NEXTpittsburgh: You’ve had a very diverse group of young people over the years. What do you think motivates them to take these classes?

Bainbridge: We definitely get some kids who want to make art in this medium. We get a lot of kids who want to find out how to have a trades career like the Steamfitters, even if they aren’t really sure what that is until we go on a field trip.

Kaulen: For summer camp, we interview kids in person to understand where they may fit within a teamwork and a group setting. Are they chiefly interested in art or in a career work path, or do they express interest in a trade?

The problem-solving aspect, especially in pairs of kids, is really dynamic. We do a fair amount of recapping and talking about the week’s work and the experiences, both challenges and successes. The students start to understand their strengths in the team and where other people could benefit from their strengths.

It’s an organic step of students supporting one another based on their understanding of the cohort.
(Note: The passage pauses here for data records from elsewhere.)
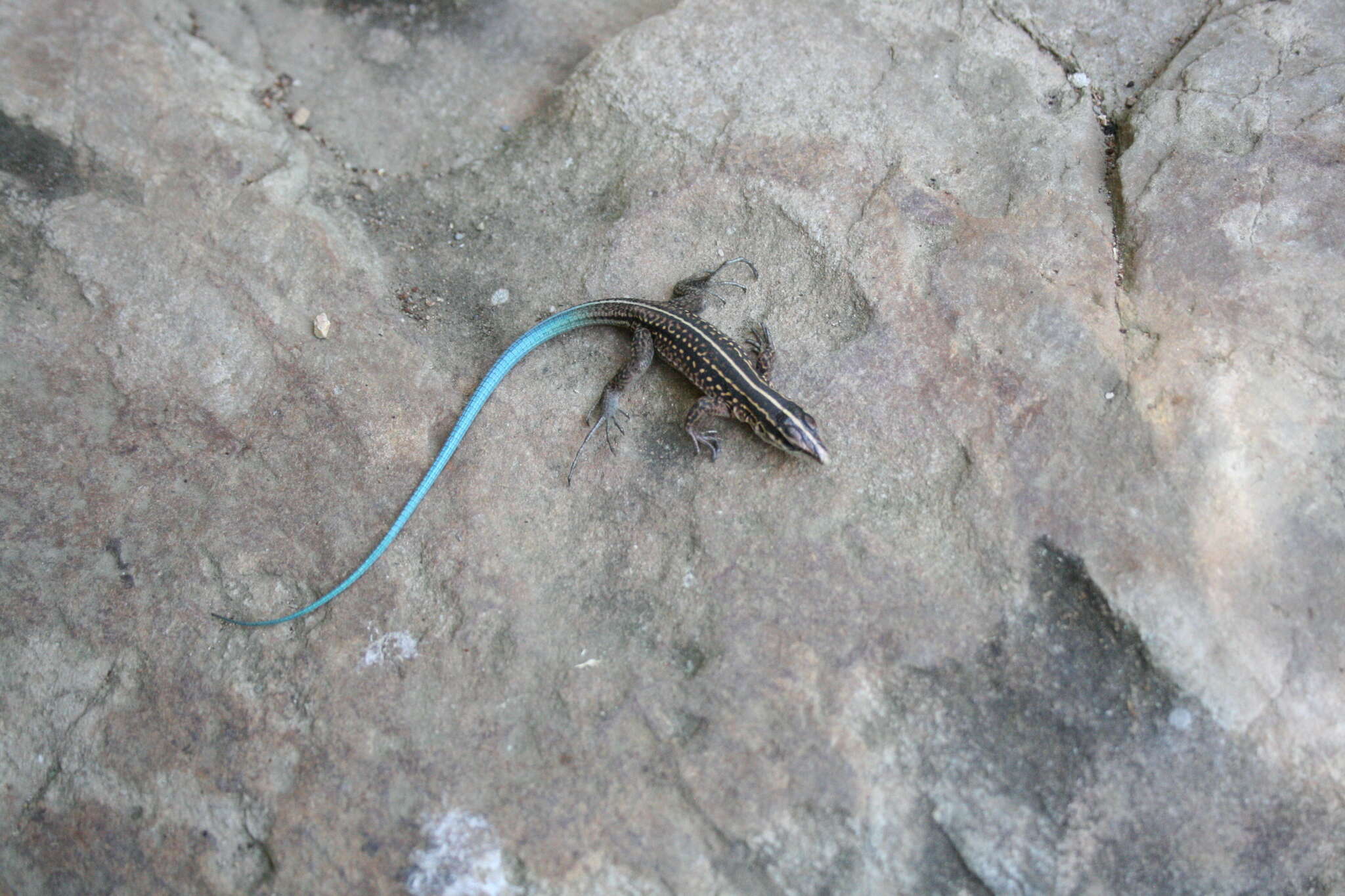 Image of Four-lined Ameiva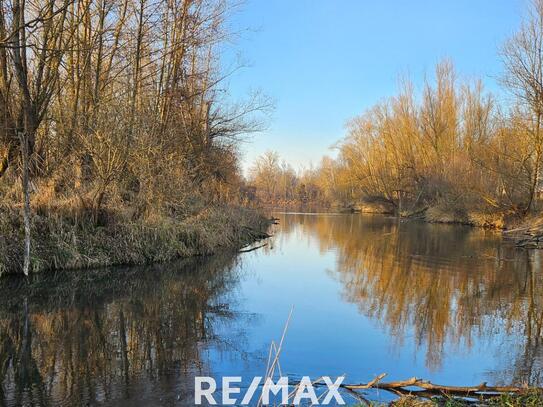 Naturjuwel mit Wald neben Ausee Asten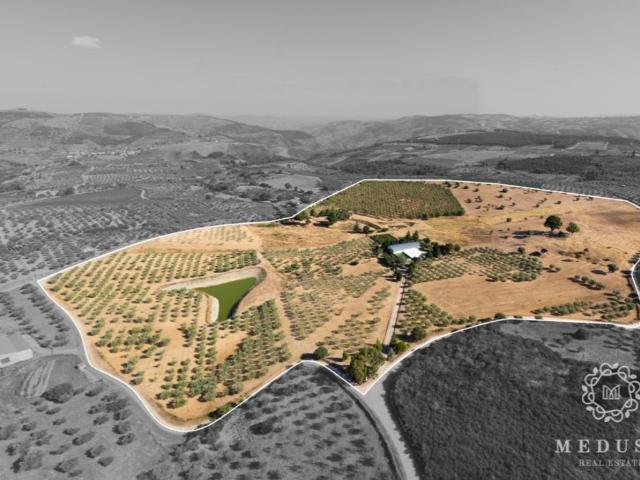 Casa de luxo de 800 m² à venda São João da Pesqueira, Viseu
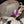 Load image into Gallery viewer, Gray Cow Hide Hat
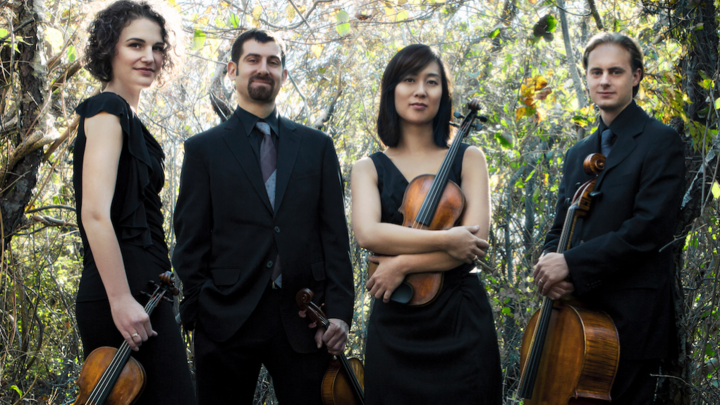Four musicians holding string instruments, standing outdoors among trees, wearing formal black attire.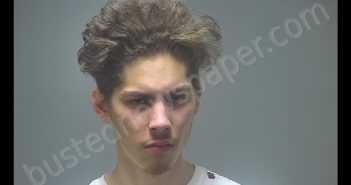 ANDREW MICHAEL VASQUEZ | 2020-04-16 01:28:00 Isabella County, Michigan Booking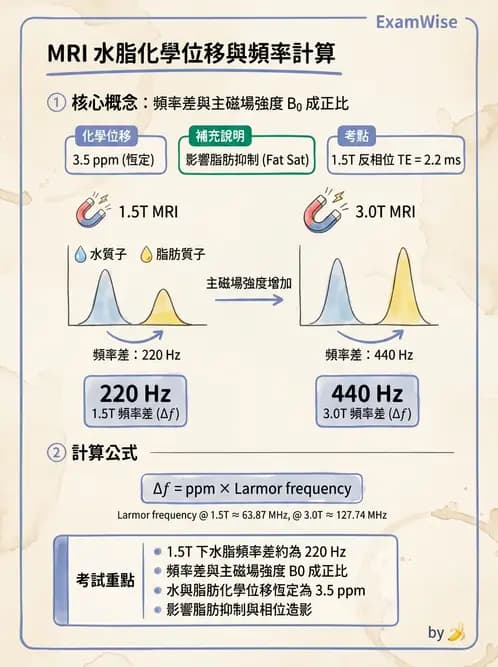 放射 - 主磁場、磁鐵類型與勻場 - AI 圖文解析預覽
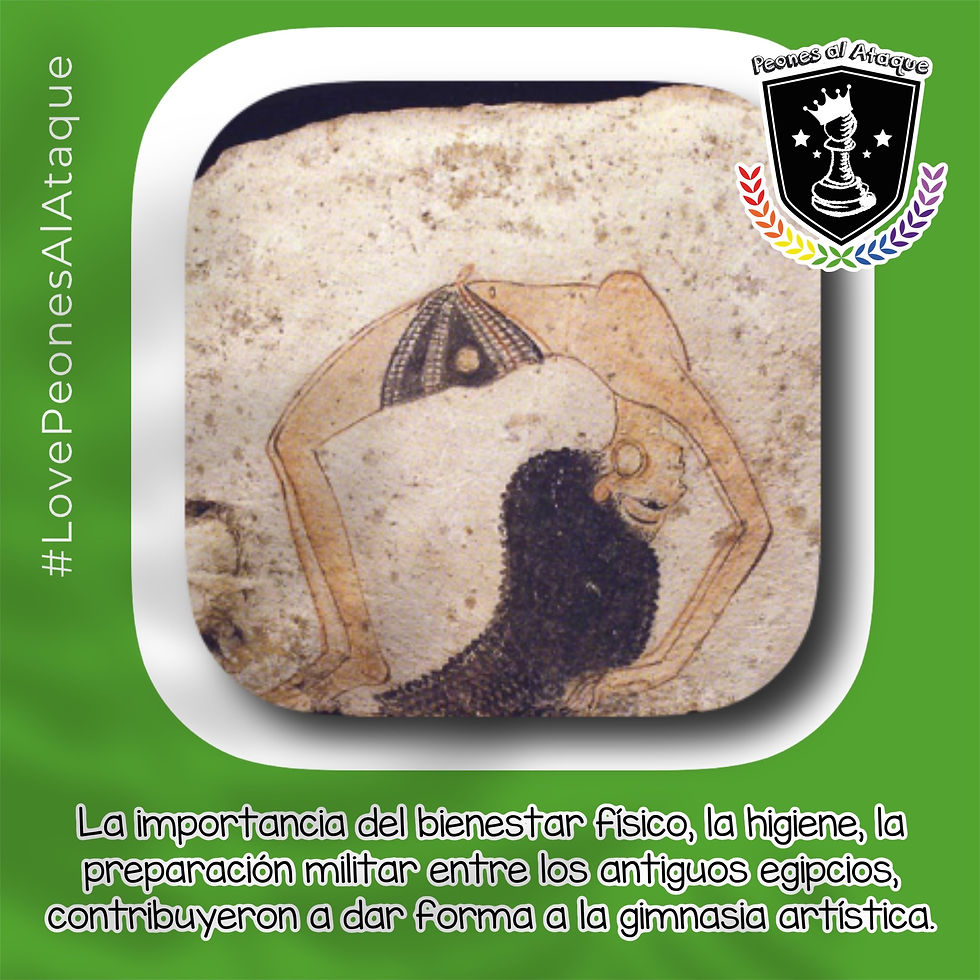 Las representaciones artísticas, como relieves y pinturas en tumbas y templos, sugieren la presencia de actividades físicas que podrían aludir a ejercicios gimnásticos. La importancia del bienestar físico y la higiene entre los antiguos egipcios, así como la preparación militar necesaria para el ejército, podrían haber contribuido a alguna forma rudimentaria de ejercicio.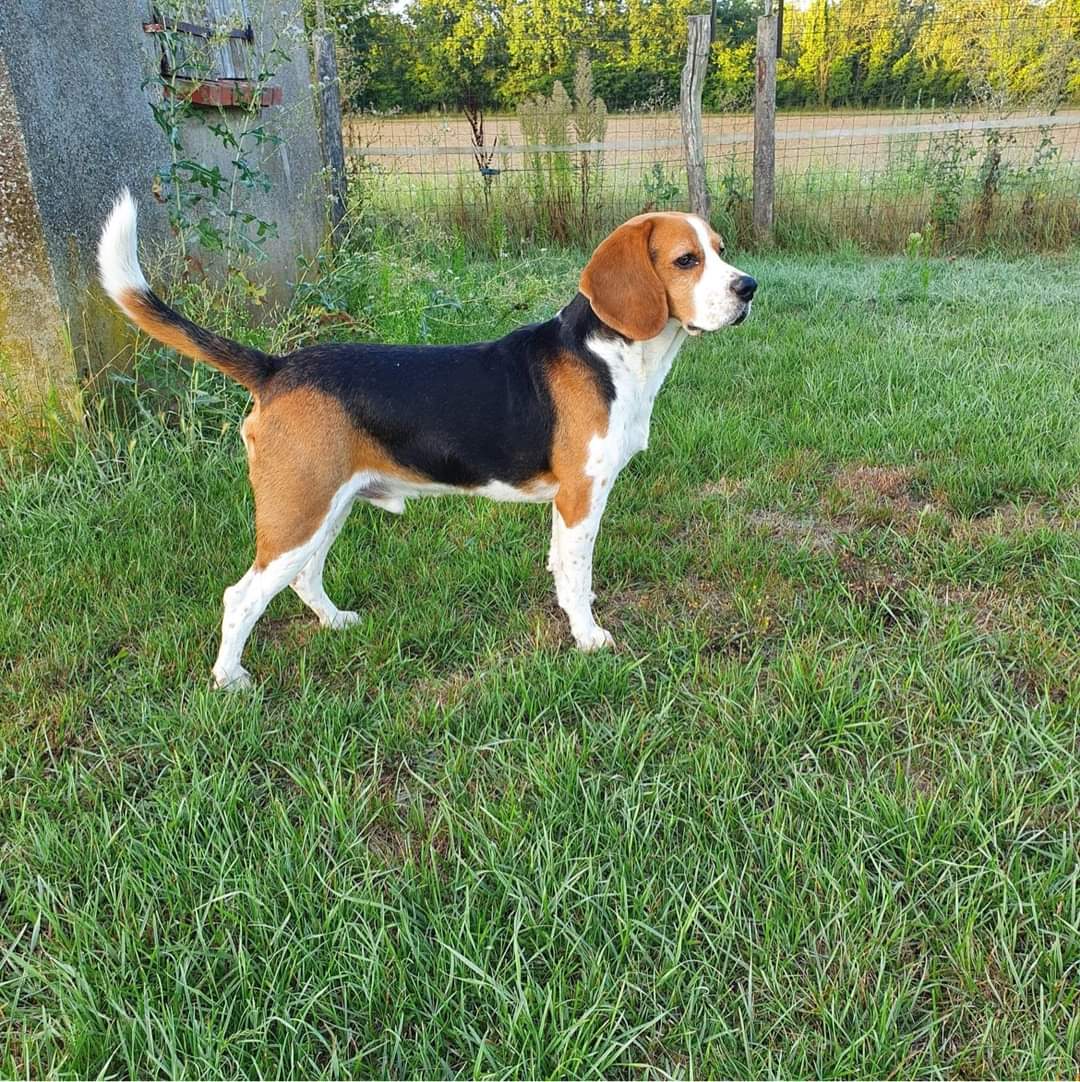 Association Owca tweet media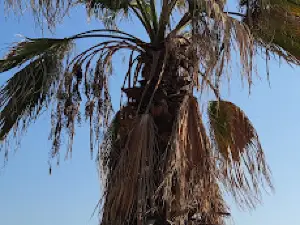 Soli Sahili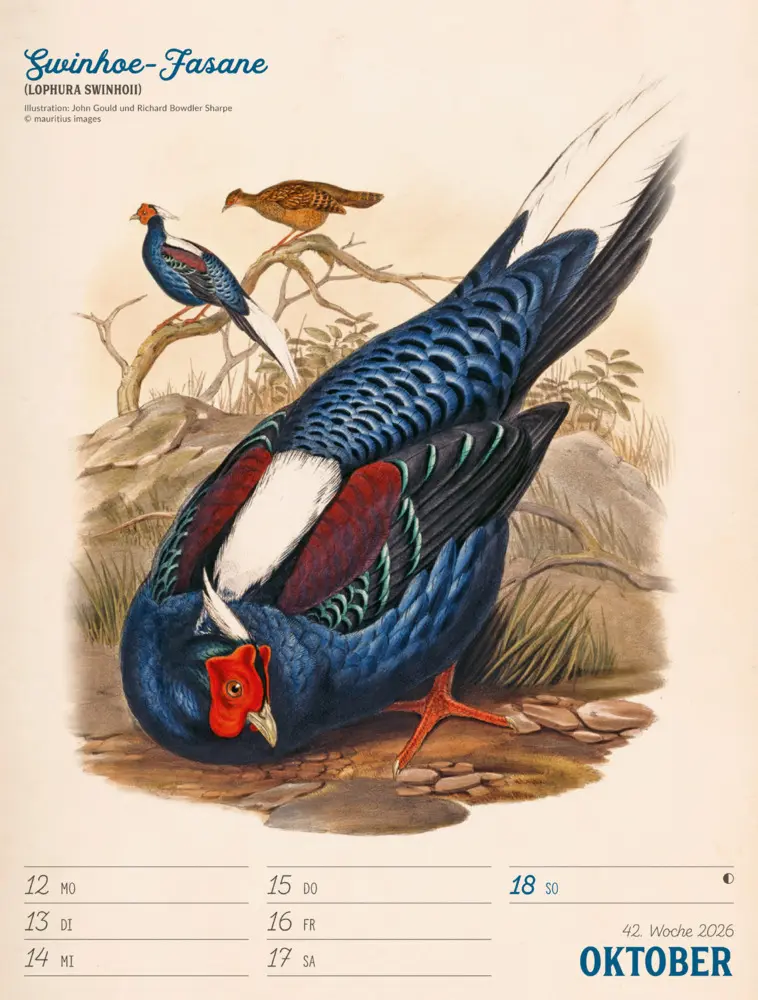 Bild: 9783838436111 | Wunderbare Vogelwelt Wochenplaner Kalender 2026 | GmbH | Kalender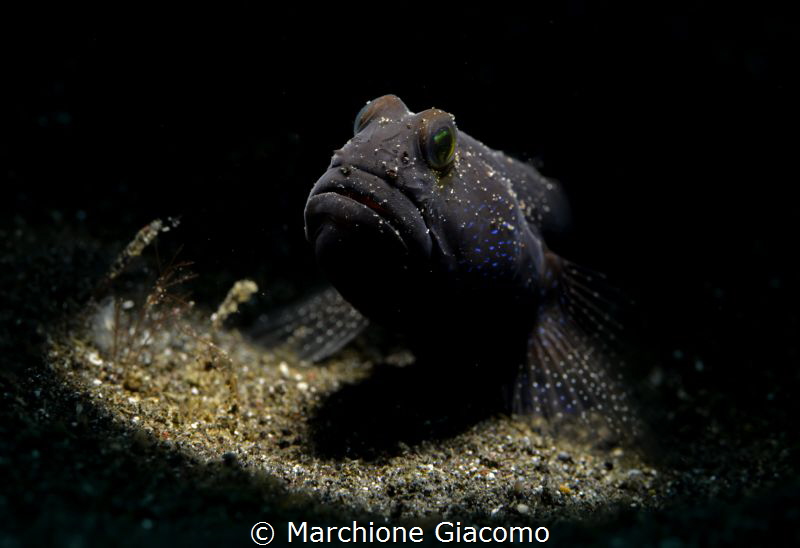 Blu -speckled Goby
Lembhe strait
Nikon D800e , 105 macr... by Marchione Giacomo 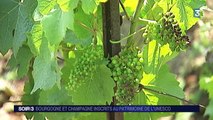 Bourgogne et Champagne inscrits au patrimoine de l'Unesco
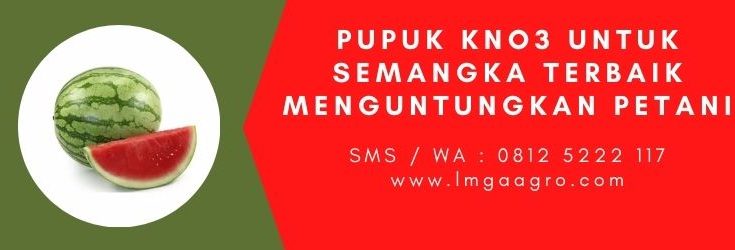 Budidaya semangka, pupuk kno putih, fungsi kno3, kno3 pak tani, kno3 merah pak tani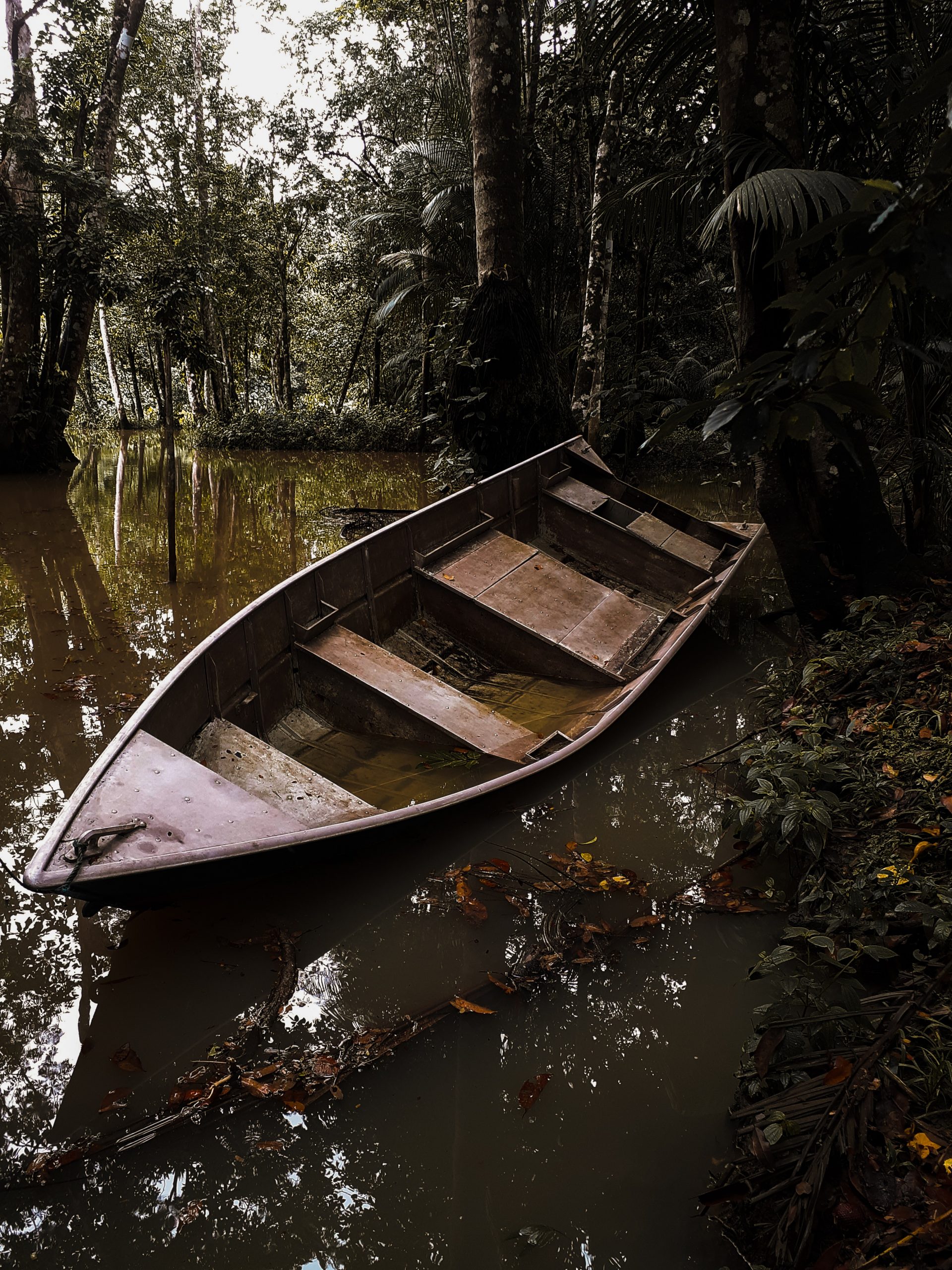 La Amazonia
In some cases, instructors can actually start to step back and let kids lead each other and help each other as a group.

Industrial Arts Workshop student Jaelen Jones bends metal spines for the braids. Photo courtesy of Murphy Moschetta.

NEXTpittsburgh: That is a very powerful step.

Kaulen: It’s been the most powerful takeaway and also one of the biggest surprises that wasn’t anticipated.

NEXTpittsburgh: That some young people want to teach?

Kaulen: We knew we could guide people on an art path, which is not an easy path, and I from experience know that path, and it’s hard. We could guide people on a potential career path and then a trade path. What we didn’t anticipate is that some people want to be in a space of helping others.

NEXTpittsburgh: That collaborative impulse could be the most valuable thing the Workshop provides.

Kaulen: I’ve come to believe that if you have a community-based art initiative that has a good mission or good identity, people will feed into it.

L.E. McCullough is a Pittsburgh musician/writer/journalist with a lifelong curiosity about who, what, when, where, why and especially how.